§ Problem
Output the first line below and each one after it, exactly, up to and including the line holding "Эксперты прокомментировали продление". Pictures should not be copied.

§ Listed records

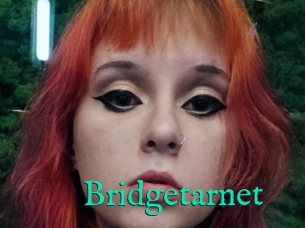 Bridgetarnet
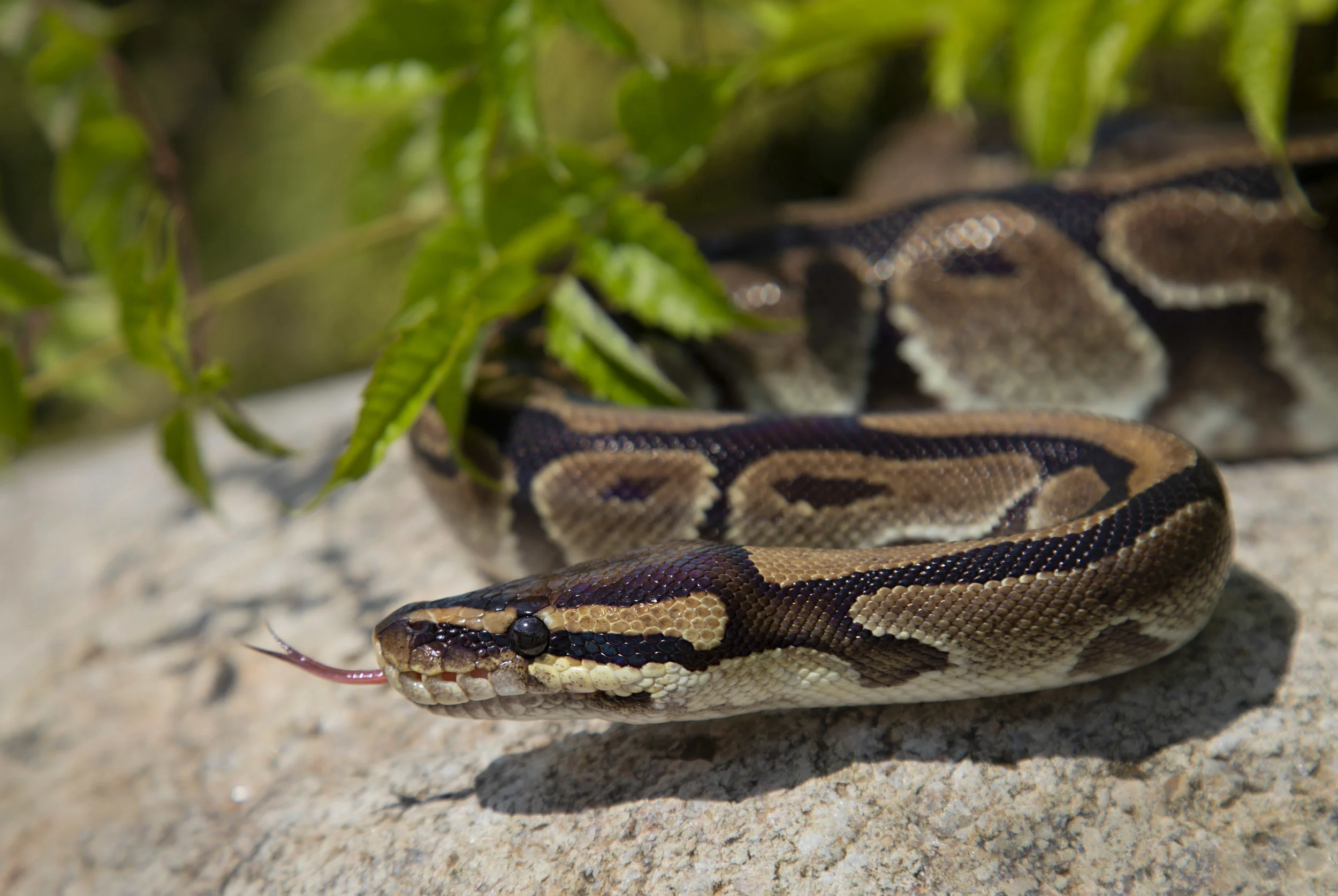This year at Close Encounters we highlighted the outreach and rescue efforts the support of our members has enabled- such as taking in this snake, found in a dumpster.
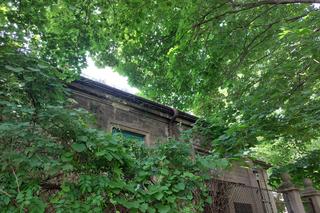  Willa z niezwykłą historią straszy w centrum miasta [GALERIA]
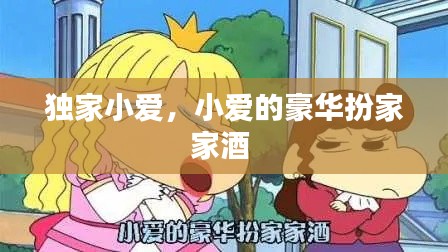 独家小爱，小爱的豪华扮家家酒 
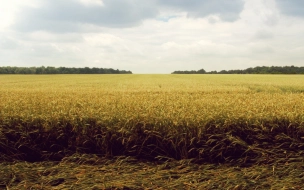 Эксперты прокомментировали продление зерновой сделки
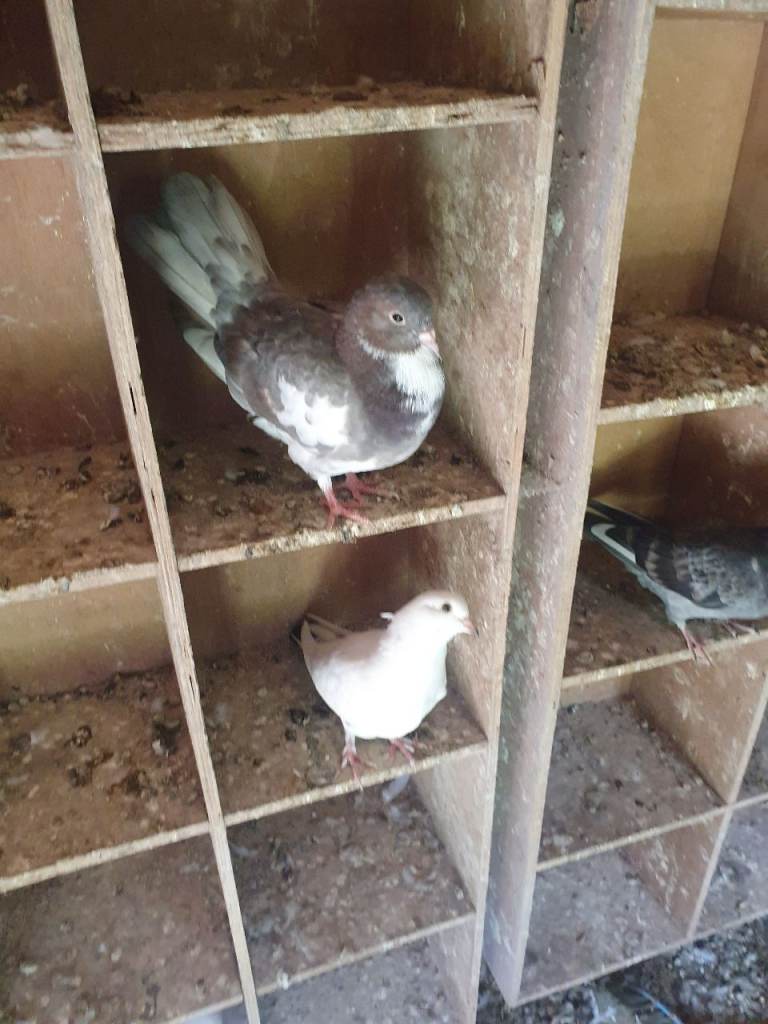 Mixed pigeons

§ Answer to this problem
 Bridgetarnet
This year at Close Encounters we highlighted the outreach and rescue efforts the support of our members has enabled- such as taking in this snake, found in a dumpster.
  Willa z niezwykłą historią straszy w centrum miasta [GALERIA]
 独家小爱，小爱的豪华扮家家酒 
 Эксперты прокомментировали продление зерновой сделки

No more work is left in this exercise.